▶ PROBLEM REQUIREMENTS:
What needs transcribing is the line with "The new 7-in-1" and every line after it to the end of the records, exactly and alone, with no pictures.

▶ AVAILABLE DATA:
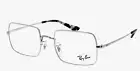 New Ray-Ban Rectangle Reading Glasses RB 1969V 2501 54-19 Silver Frames Readers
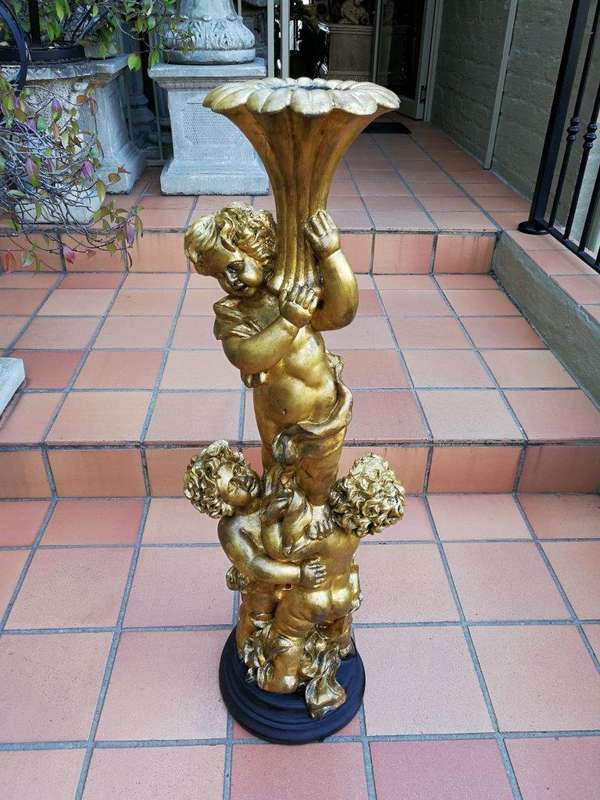 An Extremely Tall Gilt-painted Carved Wooden Candleholder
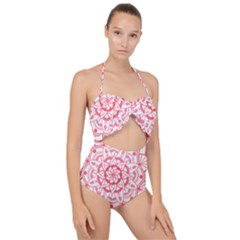 Intricate Mandala T- Shirt Shades Of Pink Floral Mandala T- Shirt Scallop Top Cut Out Swimsuit by maxcute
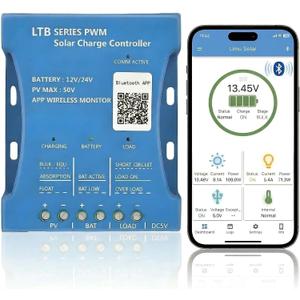 10A Bluetooth Solar Charger Controller 12V/24V Intelligent Regulator Solar Panel Battery Charging Statistics Pwm with USB Port 12V24V Lead-Acid/Lithium Battery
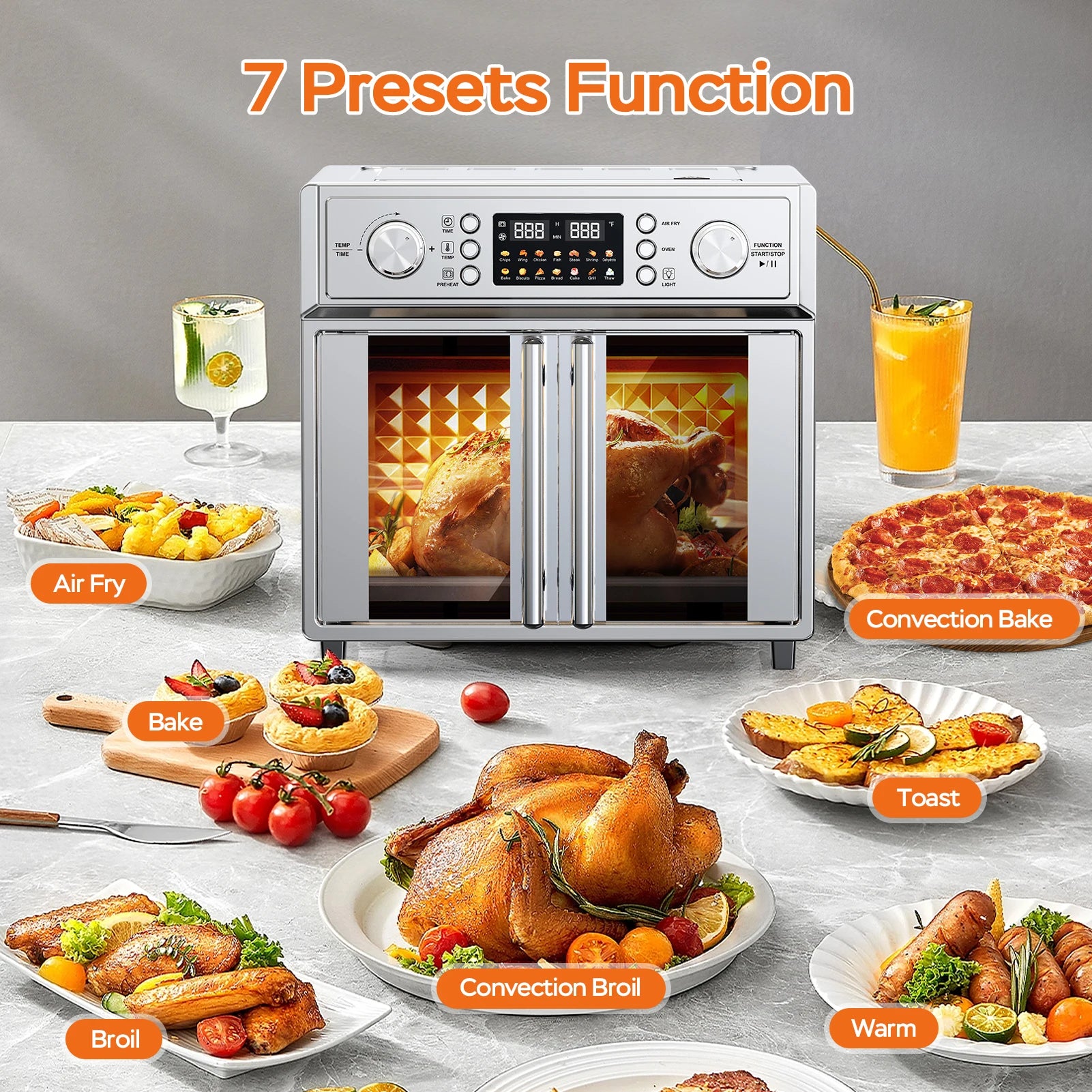 The new 7-in-1 Air Fryer Toaster Oven, 14 Presets, 1700W Stainless Steel with 360° Hot Air, Interior Light, Easy-Clean Tray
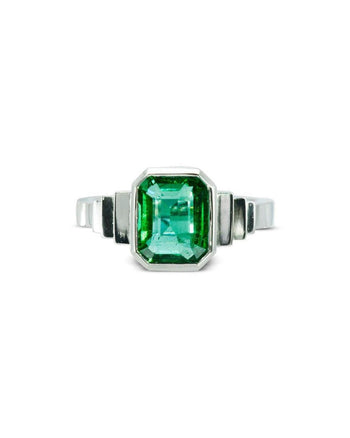 Art Deco Emerald Platinum Dress Ring Ring Pruden and Smith   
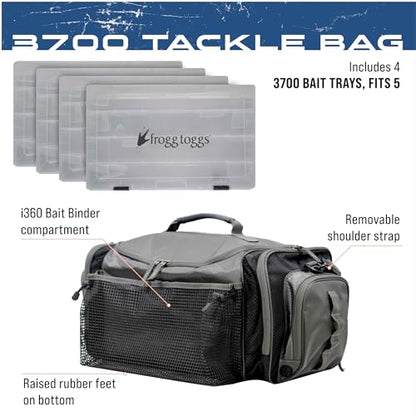 FROGG TOGGS Heavy Duty Fishing Tackle Duffle Bag, Includes Bait Trays - color: Black, style: 3700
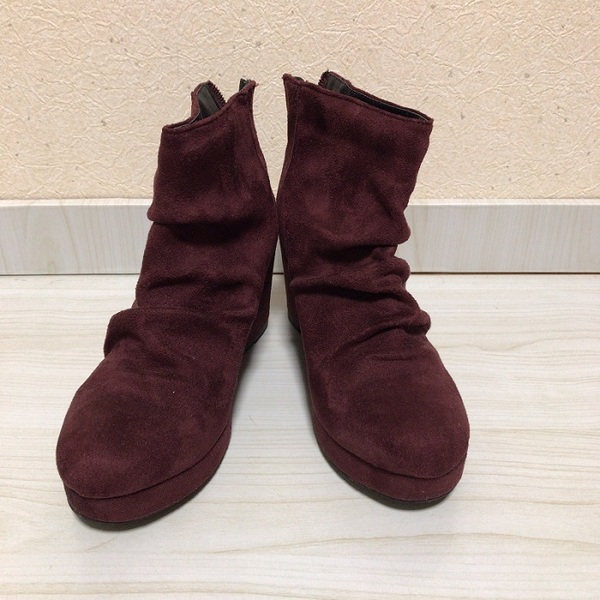 ■ 厚底 ショートブーツ 【 中古 】 L 24.0 ■ ヒール 靴 赤 ボルドー 仮装 コスプレ にも/ デュレル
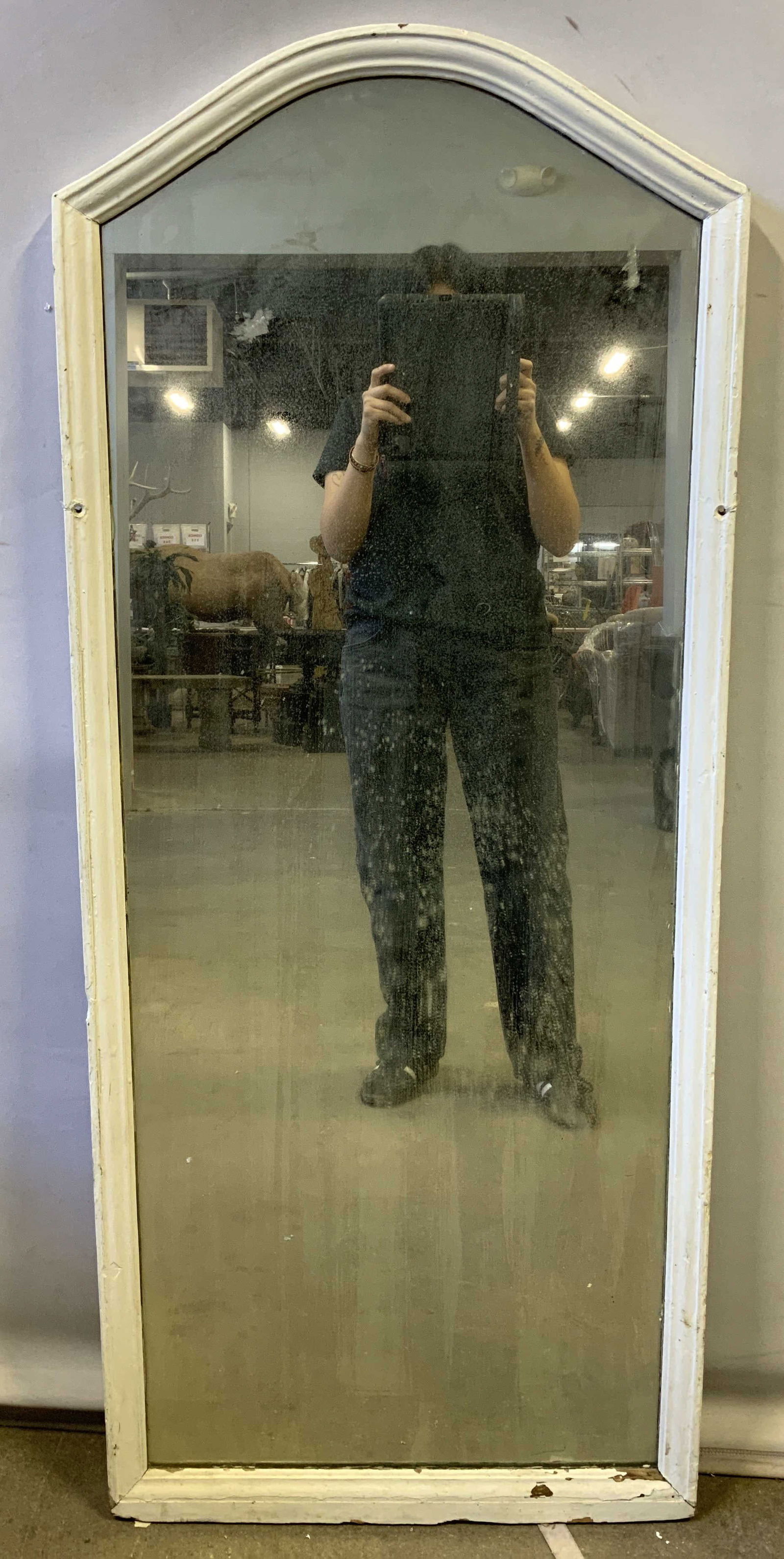 Vtg White Wooden Arch Wall Mirror (1 of 6)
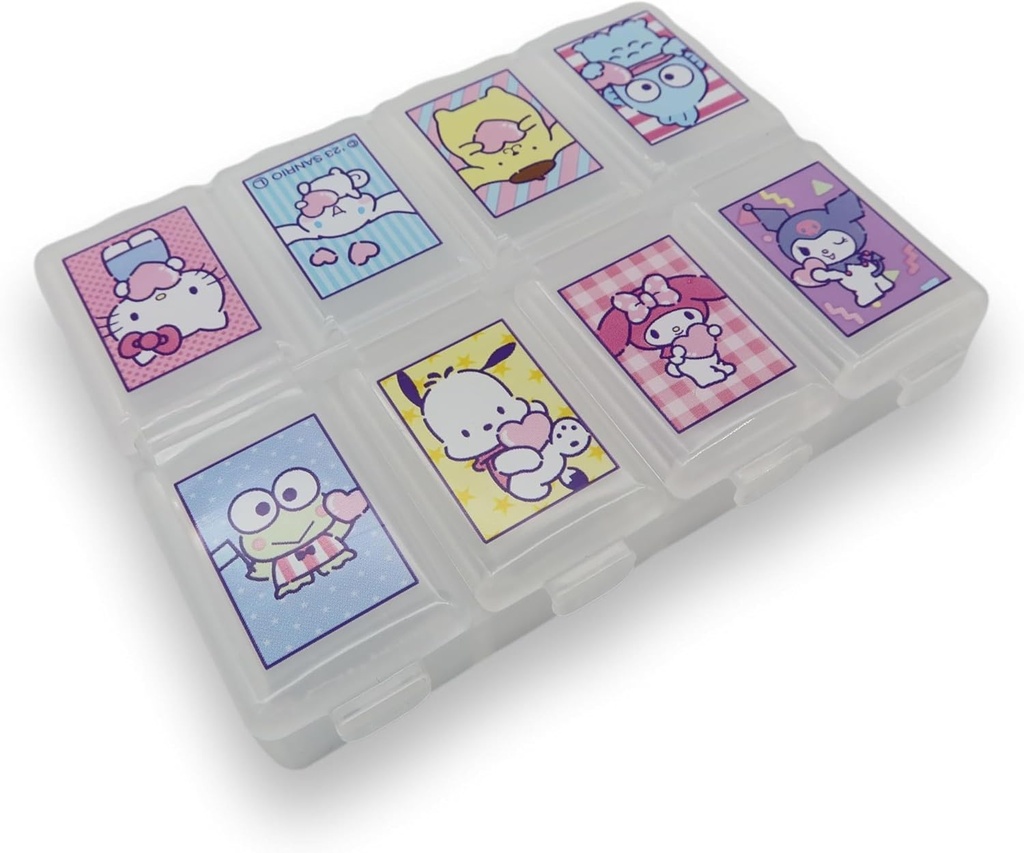 Sanrio χαρακτήρες Die-Cut Medicine συμπλήρωμα Φορητά αξεσουάρ περίπτωση Ταξίδι με 8 υποδιαιρέσεων καπάκι (Mix) Multicolor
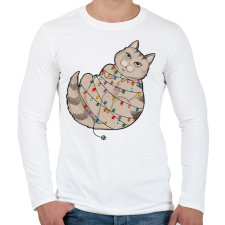 PRINTFASHION Karácsonyi cica - Férfi hosszú ujjú póló - Fehér férfi póló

▶ YOUR SOLUTION:
 The new 7-in-1 Air Fryer Toaster Oven, 14 Presets, 1700W Stainless Steel with 360° Hot Air, Interior Light, Easy-Clean Tray
 Art Deco Emerald Platinum Dress Ring Ring Pruden and Smith   
 FROGG TOGGS Heavy Duty Fishing Tackle Duffle Bag, Includes Bait Trays - color: Black, style: 3700
 ■ 厚底 ショートブーツ 【 中古 】 L 24.0 ■ ヒール 靴 赤 ボルドー 仮装 コスプレ にも/ デュレル
 Vtg White Wooden Arch Wall Mirror (1 of 6)
 Sanrio χαρακτήρες Die-Cut Medicine συμπλήρωμα Φορητά αξεσουάρ περίπτωση Ταξίδι με 8 υποδιαιρέσεων καπάκι (Mix) Multicolor
 PRINTFASHION Karácsonyi cica - Férfi hosszú ujjú póló - Fehér férfi póló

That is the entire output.